● EXERCISE DIRECTIONS
Your output should be the lines from the one containing "Lizzy Mens SCOTTISH" through the end of the listing, exact and inclusive, with no pictures.

● INFORMATION SUPPLIED

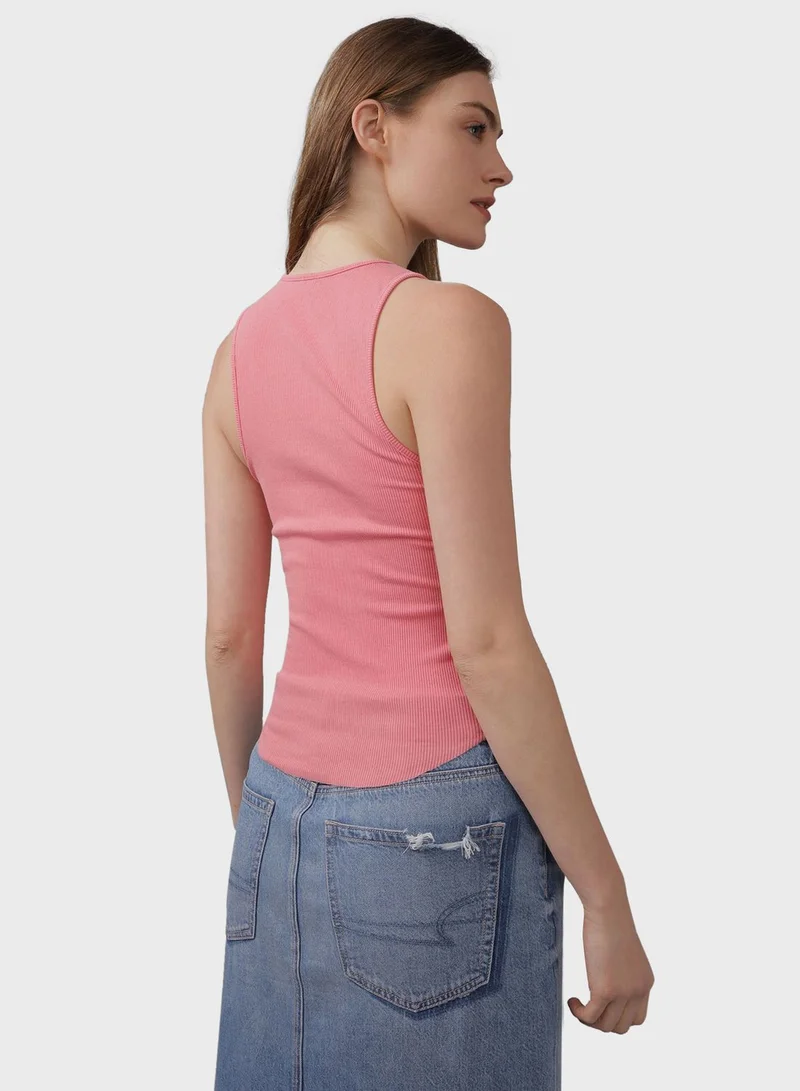 American Eagle Crew Neck Knitted Tank Top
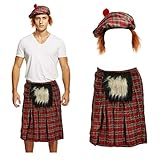 Lizzy Mens SCOTTISH COSTUME Scotsman KILT + TARTAN HAT Hair Burns Night Fancy Dress UK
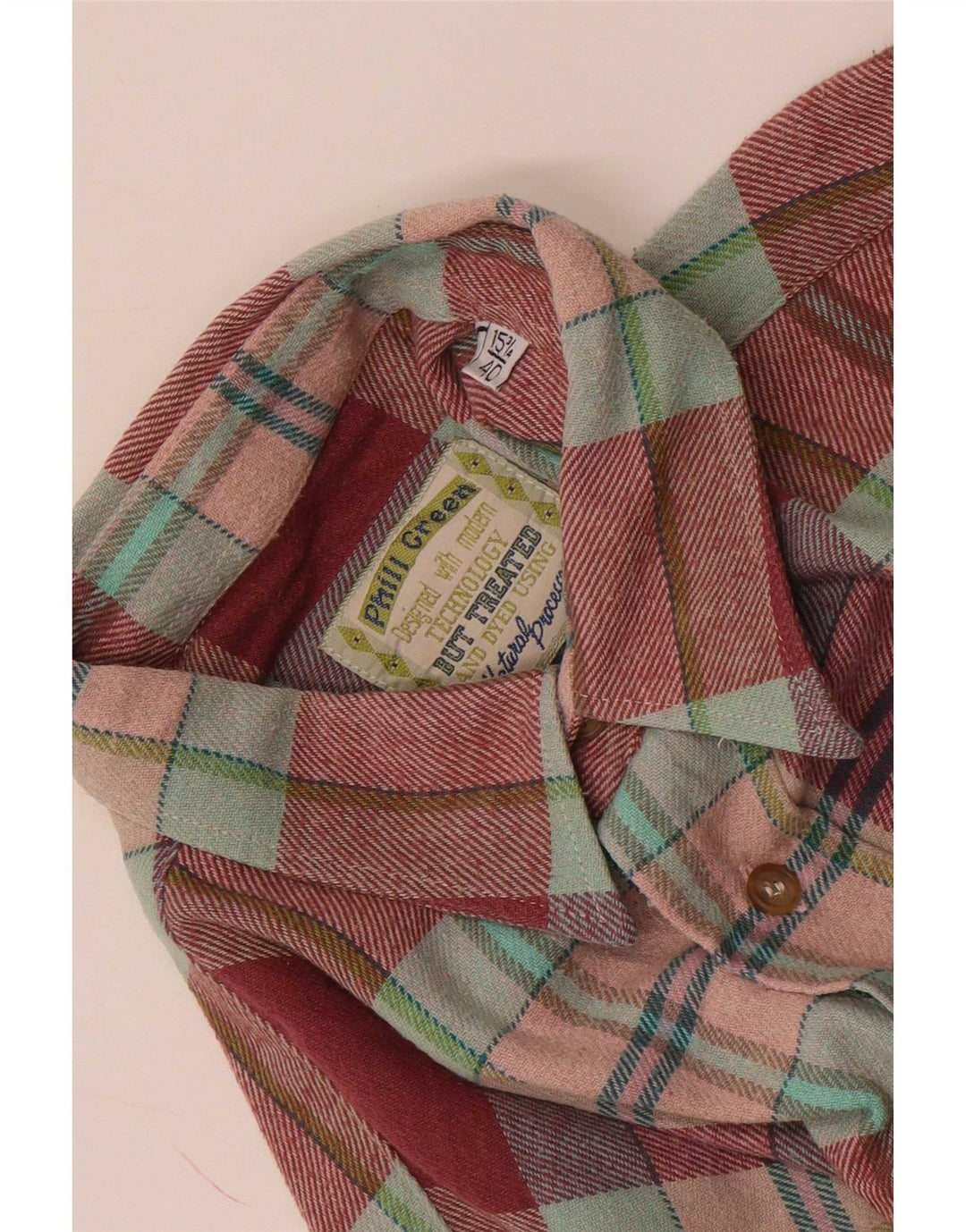 Vintage Mens Flannel Shirt Size 40 15 3/4 Medium Red Check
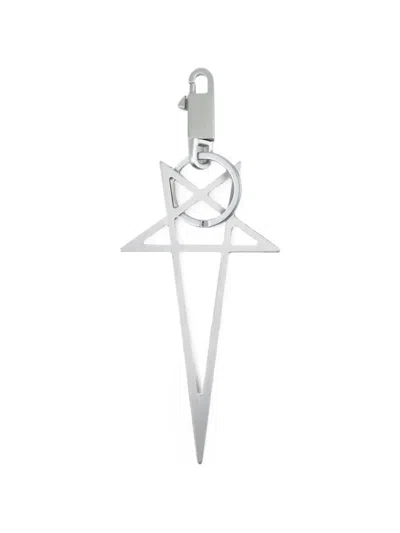Rick Owens Temple Big Pentagram-pendant Keyring In Silver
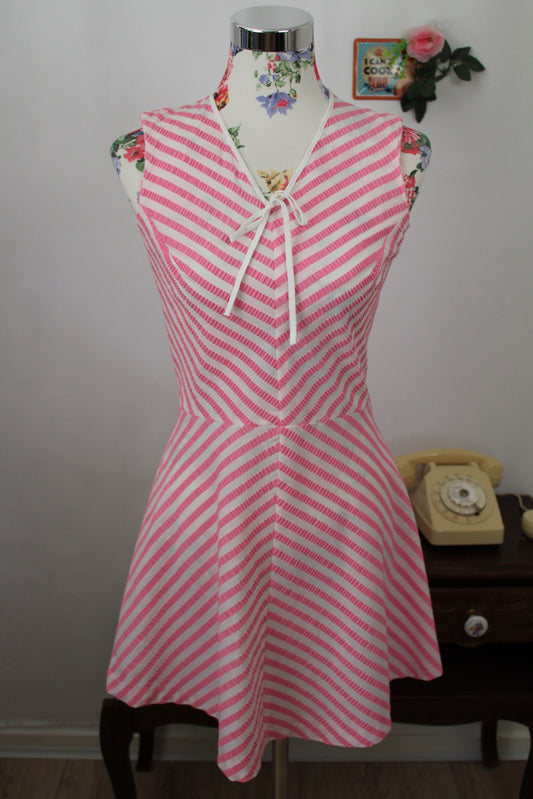 🍒🌸Robe vintage 60's en coton à rayures ondulées rose peps - Taille 36🌸🍒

● PROBLEM SOLUTION
 Lizzy Mens SCOTTISH COSTUME Scotsman KILT + TARTAN HAT Hair Burns Night Fancy Dress UK
 Vintage Mens Flannel Shirt Size 40 15 3/4 Medium Red Check
Rick Owens Temple Big Pentagram-pendant Keyring In Silver
 🍒🌸Robe vintage 60's en coton à rayures ondulées rose peps - Taille 36🌸🍒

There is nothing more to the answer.